Edwin Lughofer,
"Hybrid Active Learning (HAL) for Reducing Annotation Effort of Operators at Classification Systems"
, in Pattern Recognition, Vol. 45, Nummer 2, Seite(n) 884-896, 2012, ISSN: 1873-5142
Original Titel:
Hybrid Active Learning (HAL) for Reducing Annotation Effort of Operators at Classification Systems
Sprache des Titels:
Englisch
Original Kurzfassung:
Active learning is understood as any form of learning in which the learning algorithm has some control over the
input samples due to a specific sample selection process based on which it builds up the model. In this paper, we propose a novel active learning strategy for
data-driven classifiers, which is based on unsupervised criterion during off-line training phase, followed by a supervised certainty-based criterion
during incremental on-line training. In this sense, we call the new strategy hybrid active learning. Sample selection in the first phase is conducted from
scratch (i.e. no initial labels/learners are needed) based on purely unsupervised criteria obtained from clusters: samples lying near cluster centers and near the
borders of clusters are expected to represent the most informative ones regarding the distribution
characteristics of the classes.
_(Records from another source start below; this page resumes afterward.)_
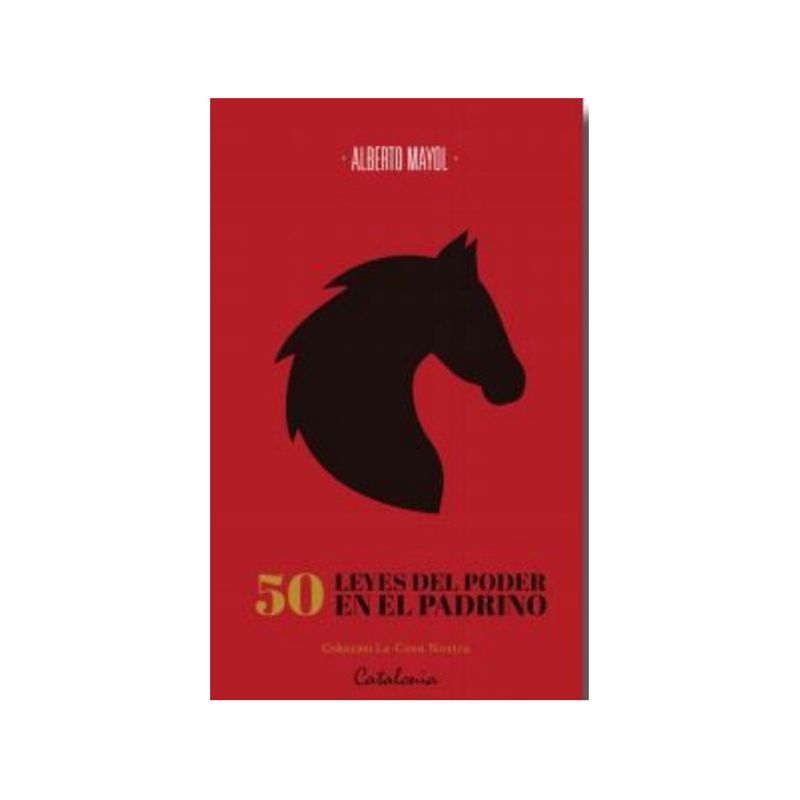 TOP10BOOKS - Libro 50 Leyes Del Poder En El Padrino /296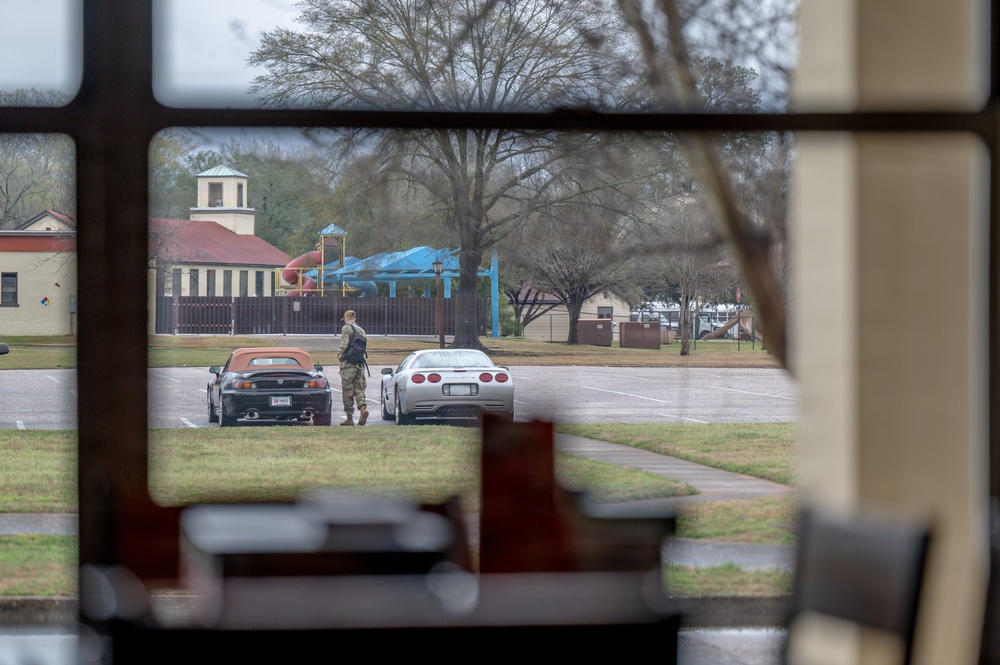 Quality built for Airmen: Maxwell’s Dorms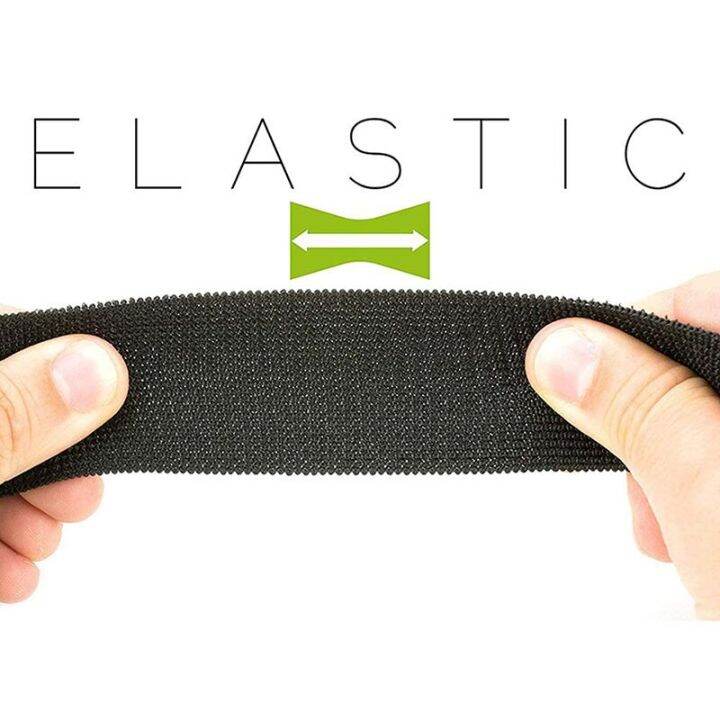 2-5pcs-elastic-hook-loop-straps-reverse-buckle-hook-loop-magic-nylon-elastic-band-hook-straps-fastener-tape-sewing-accessories-adhesives-tape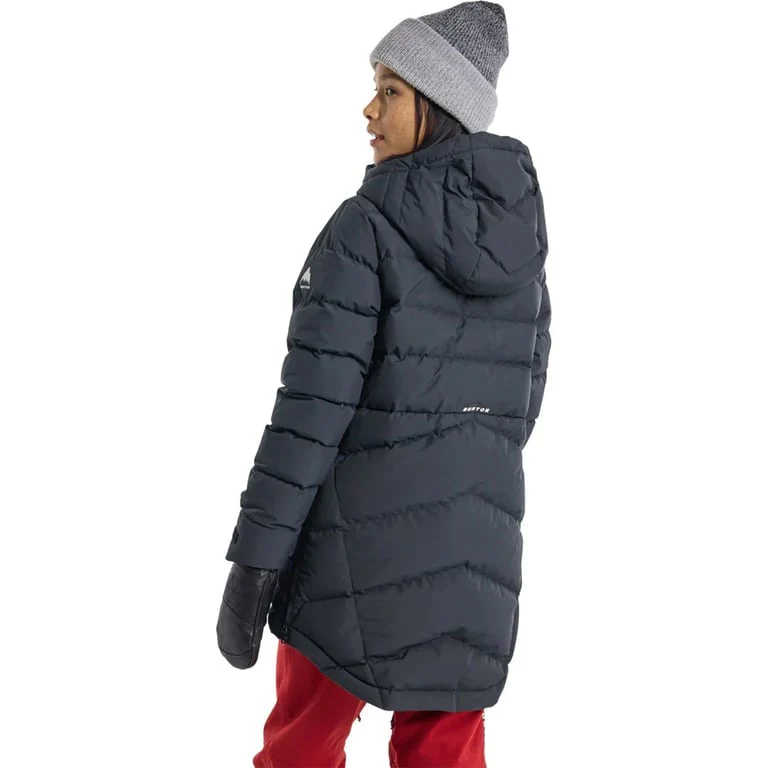 Loyil Down Snowboard Jacket - Womens - Image 4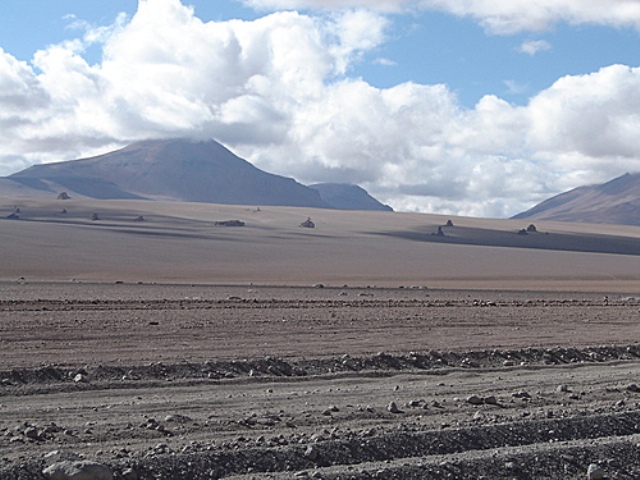 Deserto de Dali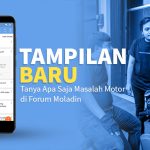 Tanya Apa Saja Masalah Motor di Forum Moladin Tampilan Baru!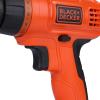 imageBLACKDECKER 20V MAX Drill ampamp Home Tool Kit 34 Piece BDCD120VA OrangeDrill  Home Tool Kit Only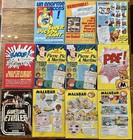 Walt Disney  Lot Of 10   1  Picsou Magazine Nos 70-79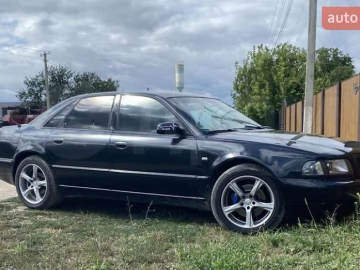 Авто Audi A8 2000 № 7648534
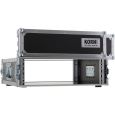 KORN Case 19 Zoll 3HE / 45cm tief phenol braun Casebau Thumbnail 5
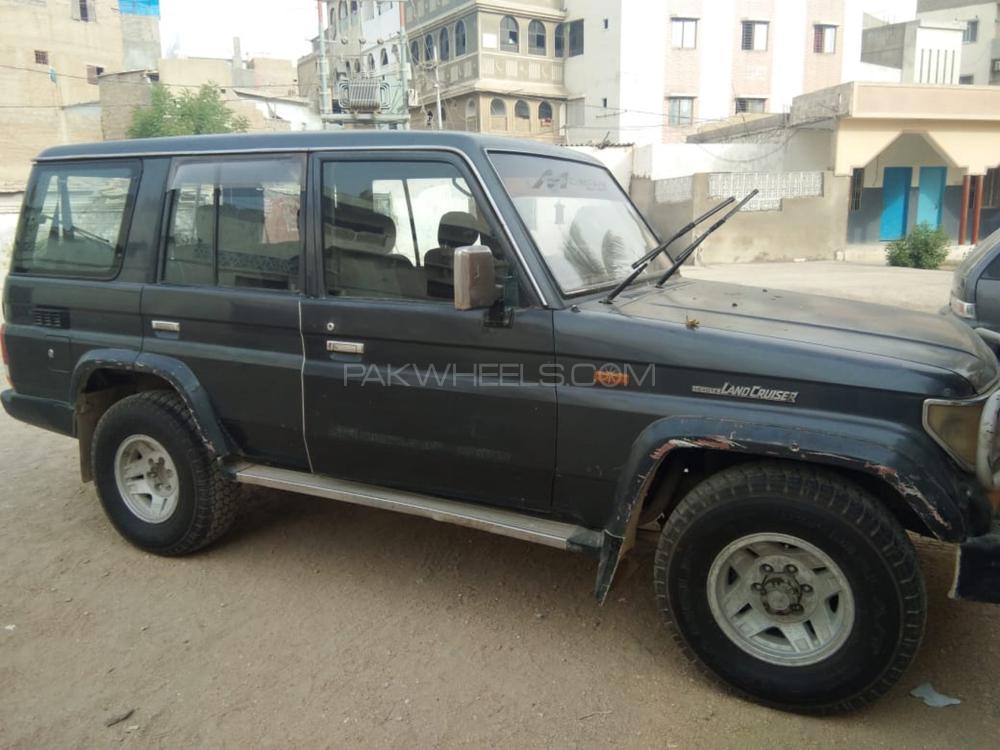 ٹویوٹا پراڈو 1992 for Sale in کراچی Image-1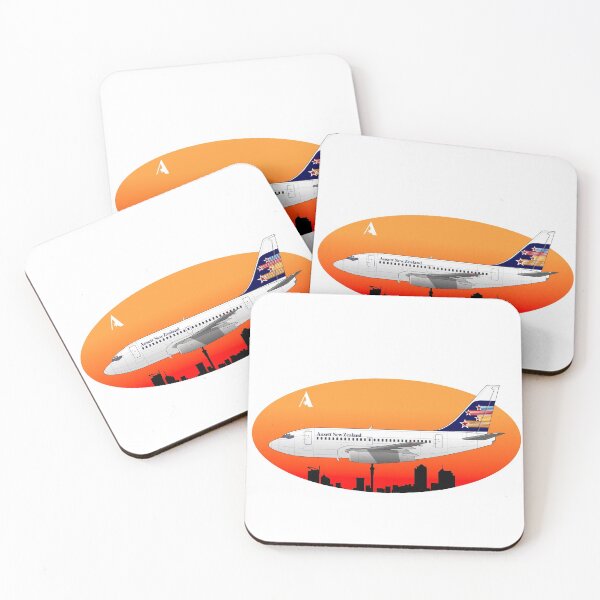 Item preview, Auckland Skyline Ansett New Zealand 737-100  designed and sold by jmcgowan719.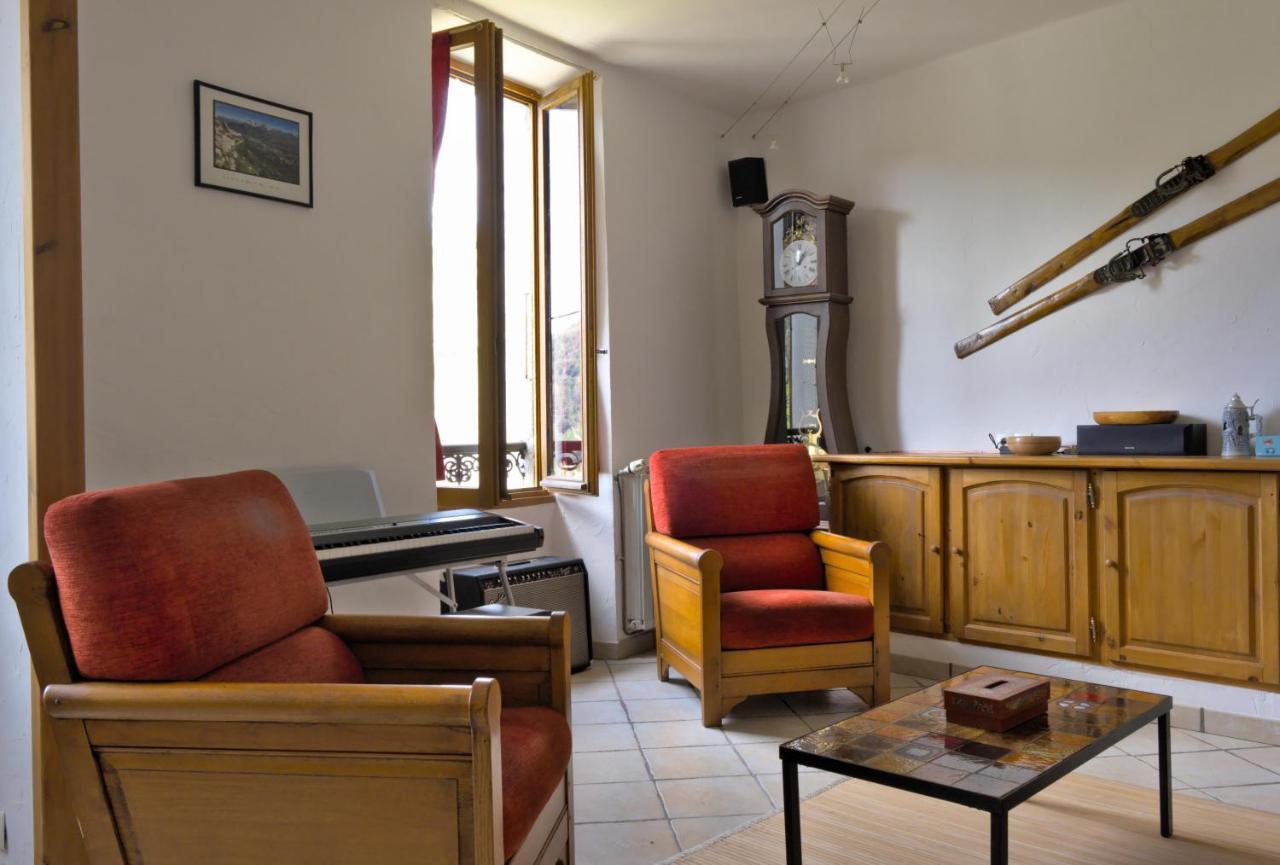 Au Diapason Chambres D'Hotes Montagne Auzet Ngoại thất bức ảnh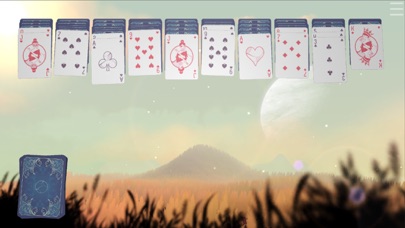 Calm Cards - Spider Solitaireのおすすめ画像3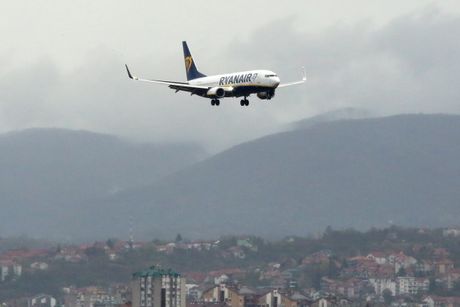 Ryanair B737 Ryanair B737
In the second phase, the task is to update already trained classifiers during on-line mode with the most important samples in order
to dynamically guide the classifier to more predictive power. Both strategies are essential for reducing the annotation and supervision effort of operators in off-line
and on-line classification systems, as operators only have to label an exquisite subset of the off-line training data resp. give feedback only on specific occasions
during on-line phase. The new active learning strategy is evaluated based on real-world data sets from UCI repository and collected at on-line quality control systems.
The results show that an active learning based selection of training samples 1.) does not weaken the classification accuracies compared to when using all samples
in the training process and 2.) can out-perform classifiers which are built on randomly selected data samples.